Breast cancer was the most common malignancy in our study group, and most of these patients had advanced disease on presentation where immediate surgery was not the recommended treatment. Referring such patient for neodjuvant chemotherapy to the cancer center before and adjuvant chemotherapy after surgery is the strategy that was mostly followed after joint discussions as per cancer guidelines with the expectations for better outcomes. 11,12 These patients were effectively scheduled at both centers without the need for repetition of investigation and multiple clinical diagnostic sessions because of one joint discussion through the teleoncology session. This has proved very important in continuity of care for the patient and significantly reduced the patient dropout rate.
Another positive impact is continued medical education for healthcare professionals 12,13 In our study, the operative skills of the surgeons in cancer have improved because of increased channeled referrals directly from the cancer center, which is significantly higher than routine practice in a teaching hospital of a similar nature.

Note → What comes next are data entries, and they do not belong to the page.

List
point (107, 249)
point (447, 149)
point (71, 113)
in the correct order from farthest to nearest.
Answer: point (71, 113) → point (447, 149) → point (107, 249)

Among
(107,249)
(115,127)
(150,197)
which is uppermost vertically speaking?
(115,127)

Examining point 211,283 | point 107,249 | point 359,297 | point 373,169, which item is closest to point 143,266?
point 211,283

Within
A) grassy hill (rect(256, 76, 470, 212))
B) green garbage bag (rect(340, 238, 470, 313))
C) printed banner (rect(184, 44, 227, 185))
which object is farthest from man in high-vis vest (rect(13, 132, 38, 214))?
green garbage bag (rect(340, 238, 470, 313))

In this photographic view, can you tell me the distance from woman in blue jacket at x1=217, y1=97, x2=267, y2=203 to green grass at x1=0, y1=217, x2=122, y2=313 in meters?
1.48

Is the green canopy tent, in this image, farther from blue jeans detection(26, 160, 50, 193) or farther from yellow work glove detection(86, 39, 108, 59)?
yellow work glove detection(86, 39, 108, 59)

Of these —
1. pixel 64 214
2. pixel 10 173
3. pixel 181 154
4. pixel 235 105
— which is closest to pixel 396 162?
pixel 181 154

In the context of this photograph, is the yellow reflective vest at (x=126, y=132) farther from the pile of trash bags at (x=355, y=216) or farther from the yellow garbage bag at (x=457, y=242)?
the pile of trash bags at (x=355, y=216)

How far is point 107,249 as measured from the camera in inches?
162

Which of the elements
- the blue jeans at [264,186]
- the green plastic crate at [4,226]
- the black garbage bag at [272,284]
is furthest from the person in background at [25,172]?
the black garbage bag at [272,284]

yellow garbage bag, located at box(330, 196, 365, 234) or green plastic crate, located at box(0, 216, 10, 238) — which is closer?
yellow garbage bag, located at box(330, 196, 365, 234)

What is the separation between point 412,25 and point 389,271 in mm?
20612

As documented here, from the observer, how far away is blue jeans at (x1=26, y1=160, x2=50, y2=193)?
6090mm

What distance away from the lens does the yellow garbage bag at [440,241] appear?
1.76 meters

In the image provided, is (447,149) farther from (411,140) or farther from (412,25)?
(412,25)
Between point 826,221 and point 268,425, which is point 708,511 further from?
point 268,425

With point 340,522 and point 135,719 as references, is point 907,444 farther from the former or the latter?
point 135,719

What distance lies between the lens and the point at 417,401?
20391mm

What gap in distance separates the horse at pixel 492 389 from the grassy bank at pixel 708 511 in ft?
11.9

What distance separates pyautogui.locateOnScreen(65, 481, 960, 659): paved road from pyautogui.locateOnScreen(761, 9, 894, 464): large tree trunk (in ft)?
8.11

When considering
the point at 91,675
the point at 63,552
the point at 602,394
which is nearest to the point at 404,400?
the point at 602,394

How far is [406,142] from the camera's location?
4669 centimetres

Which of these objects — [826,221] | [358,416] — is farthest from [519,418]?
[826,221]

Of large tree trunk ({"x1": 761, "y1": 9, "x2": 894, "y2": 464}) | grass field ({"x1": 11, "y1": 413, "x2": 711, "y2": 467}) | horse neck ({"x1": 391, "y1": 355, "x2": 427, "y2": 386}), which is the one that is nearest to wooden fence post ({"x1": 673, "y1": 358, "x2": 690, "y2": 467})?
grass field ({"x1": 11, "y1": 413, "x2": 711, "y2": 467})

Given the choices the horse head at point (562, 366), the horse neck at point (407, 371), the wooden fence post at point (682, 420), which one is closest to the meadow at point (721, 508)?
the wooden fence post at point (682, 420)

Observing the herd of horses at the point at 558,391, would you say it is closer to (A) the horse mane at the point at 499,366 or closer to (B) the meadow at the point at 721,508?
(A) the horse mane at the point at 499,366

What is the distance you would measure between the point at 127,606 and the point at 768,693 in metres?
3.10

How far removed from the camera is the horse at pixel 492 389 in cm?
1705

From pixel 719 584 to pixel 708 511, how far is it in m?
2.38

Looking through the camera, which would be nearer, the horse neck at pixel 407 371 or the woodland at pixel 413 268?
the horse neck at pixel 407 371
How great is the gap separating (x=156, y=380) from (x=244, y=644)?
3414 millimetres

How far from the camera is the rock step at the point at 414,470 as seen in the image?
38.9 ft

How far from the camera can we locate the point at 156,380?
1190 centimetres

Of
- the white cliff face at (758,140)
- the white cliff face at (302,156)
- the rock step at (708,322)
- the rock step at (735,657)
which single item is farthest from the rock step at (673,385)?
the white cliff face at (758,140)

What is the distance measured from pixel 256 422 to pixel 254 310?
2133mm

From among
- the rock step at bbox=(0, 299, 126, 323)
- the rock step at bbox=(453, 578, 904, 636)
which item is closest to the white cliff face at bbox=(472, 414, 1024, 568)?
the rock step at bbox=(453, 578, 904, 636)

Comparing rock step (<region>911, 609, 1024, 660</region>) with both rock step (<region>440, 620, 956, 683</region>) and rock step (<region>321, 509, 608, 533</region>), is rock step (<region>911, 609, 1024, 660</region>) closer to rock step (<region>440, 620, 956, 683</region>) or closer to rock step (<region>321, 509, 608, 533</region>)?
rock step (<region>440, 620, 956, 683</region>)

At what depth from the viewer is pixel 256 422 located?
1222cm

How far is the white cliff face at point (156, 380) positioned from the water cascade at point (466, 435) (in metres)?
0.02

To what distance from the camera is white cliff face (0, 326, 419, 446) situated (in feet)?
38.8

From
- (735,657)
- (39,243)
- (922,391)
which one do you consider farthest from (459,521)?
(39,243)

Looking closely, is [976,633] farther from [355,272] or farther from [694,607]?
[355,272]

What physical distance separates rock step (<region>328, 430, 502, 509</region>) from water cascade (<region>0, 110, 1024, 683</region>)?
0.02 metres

It was learned during the study that practicing teleoncology through these virtual meetings has a great impact on patient outcome through coordinated care. The preparation and organization of such sessions are practical and possible with minimum expertise requirement and better incorporation of existing facilities and expertise. Moreover, the hub cancer centers can be linked similarly to larger numbers of surgical sites for improving coordinated care without any additional cost required at the hub site in countries that have limited specialized cancer facilities. The technology of telemedicine has a great potential for a developing country like Pakistan with limited oncology centers and may well be used in future by various departments of teaching hospitals for access to national and international cancer experts through cooperative virtual meetings. Currently most of these surgical centers are managing surgical oncology patients in a virtually isolated environment because of the nonavailability of oncological facilities in the same institution, and hence there is increased demand to incorporate this methodology to improve patient outcome. It is also clear that the specialists at the two sites have developed much closer professional ties and common practices through their participation in a virtual medical staff.
Conclusions
Teleoncology can become an important tool in the management of cancer patients in countries where oncological facilities are limited and are not present under one roof. It decreases the burden both to the medical services and to the patient's family. It is easy to practice and ensures the continuity of the care through a coordinated medical approach.
Footnotes
Disclosure Statement
No competing financial interests exist.